[TASK GOAL] Print the lines in the listing below starting at the line with "Thumbnail: 2025 Chevrolet Equinox - 9" and ending at the line with "GALLERY | Protezione", both included. Reproduce them exactly and omit every picture.

[RECORDS SUPPLIED]

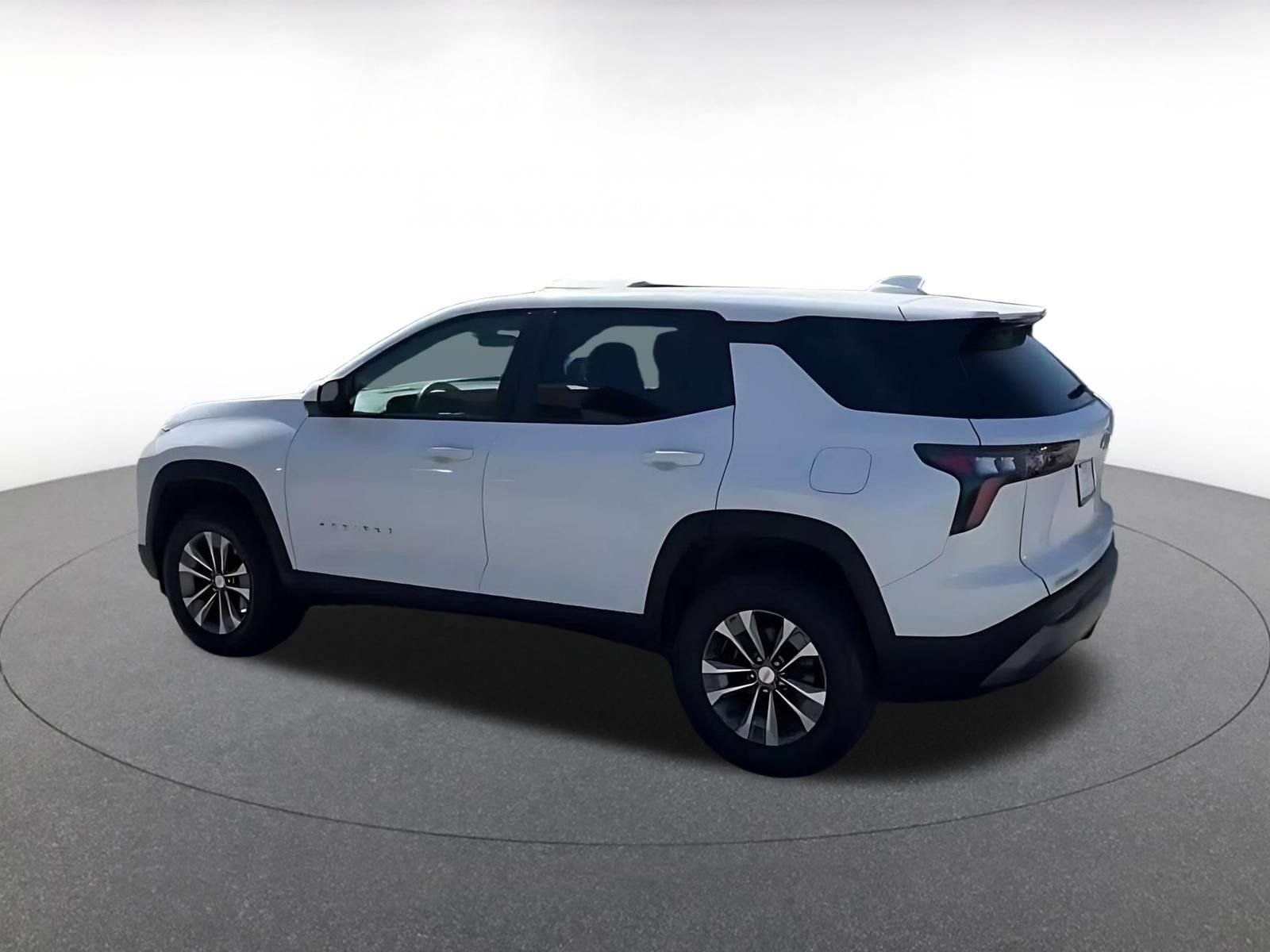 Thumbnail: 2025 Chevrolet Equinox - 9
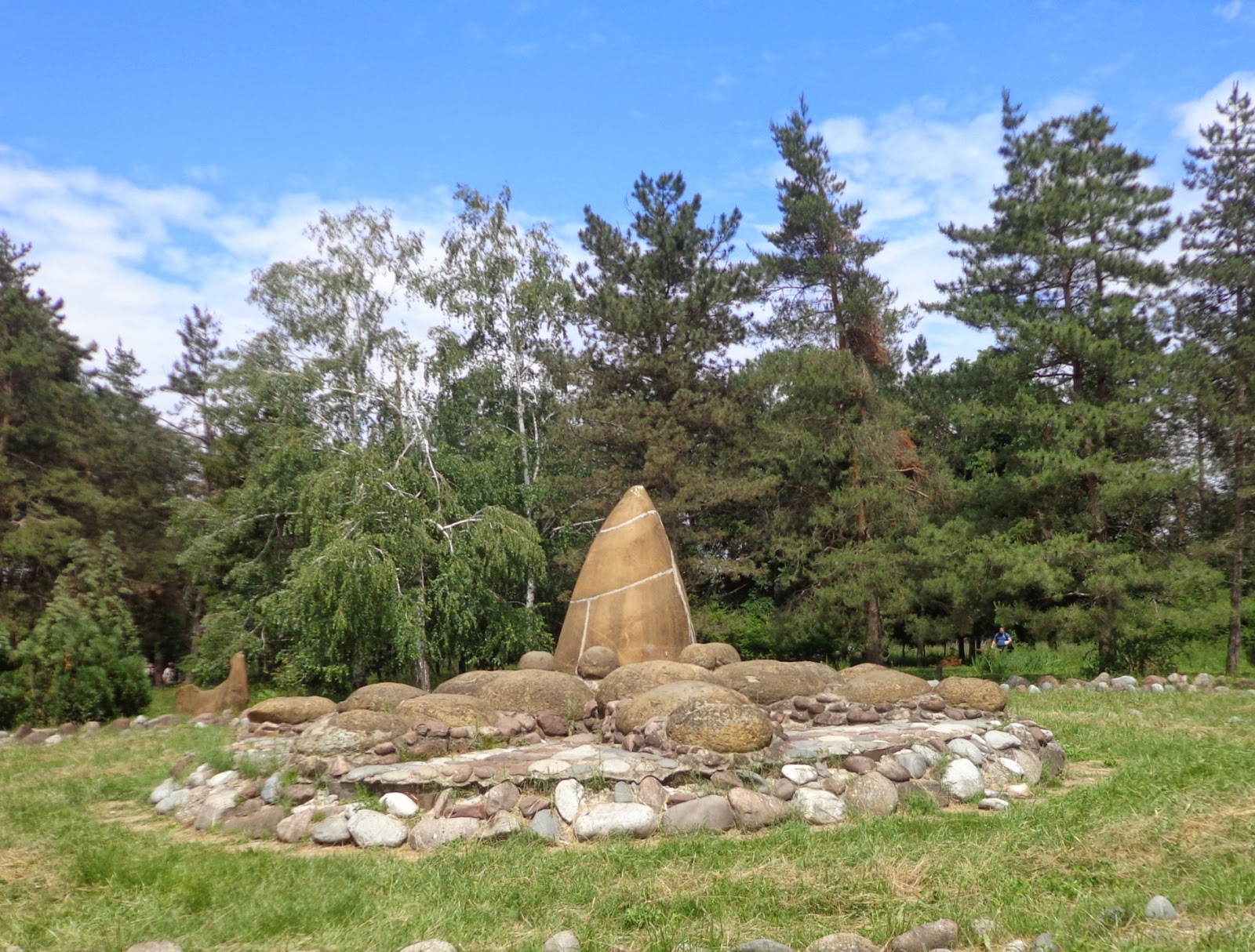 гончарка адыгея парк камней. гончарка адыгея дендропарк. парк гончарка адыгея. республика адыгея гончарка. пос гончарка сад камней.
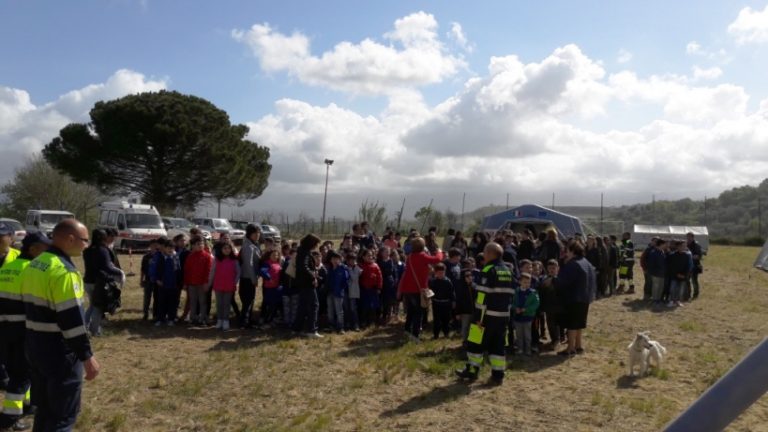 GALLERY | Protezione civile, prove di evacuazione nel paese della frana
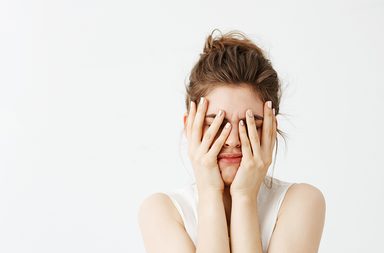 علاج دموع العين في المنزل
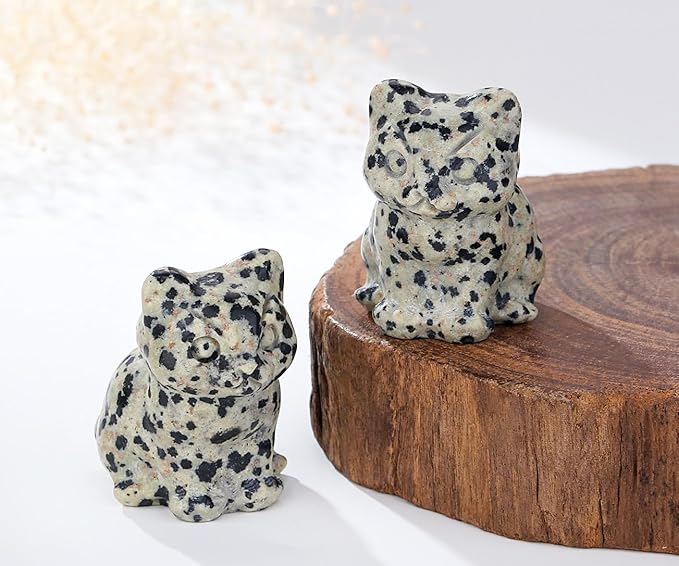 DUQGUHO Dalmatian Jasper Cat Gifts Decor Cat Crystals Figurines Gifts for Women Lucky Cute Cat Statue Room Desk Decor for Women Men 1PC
...
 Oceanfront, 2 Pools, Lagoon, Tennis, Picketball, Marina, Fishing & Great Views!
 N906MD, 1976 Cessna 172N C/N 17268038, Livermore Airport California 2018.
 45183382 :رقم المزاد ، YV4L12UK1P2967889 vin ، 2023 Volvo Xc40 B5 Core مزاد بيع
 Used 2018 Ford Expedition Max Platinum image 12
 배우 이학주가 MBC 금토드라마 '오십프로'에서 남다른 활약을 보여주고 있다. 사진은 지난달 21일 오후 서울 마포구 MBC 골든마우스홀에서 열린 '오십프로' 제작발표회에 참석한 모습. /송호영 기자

[ANSWER SECTION]
 Thumbnail: 2025 Chevrolet Equinox - 9
 гончарка адыгея парк камней. гончарка адыгея дендропарк. парк гончарка адыгея. республика адыгея гончарка. пос гончарка сад камней.
 GALLERY | Protezione civile, prove di evacuazione nel paese della frana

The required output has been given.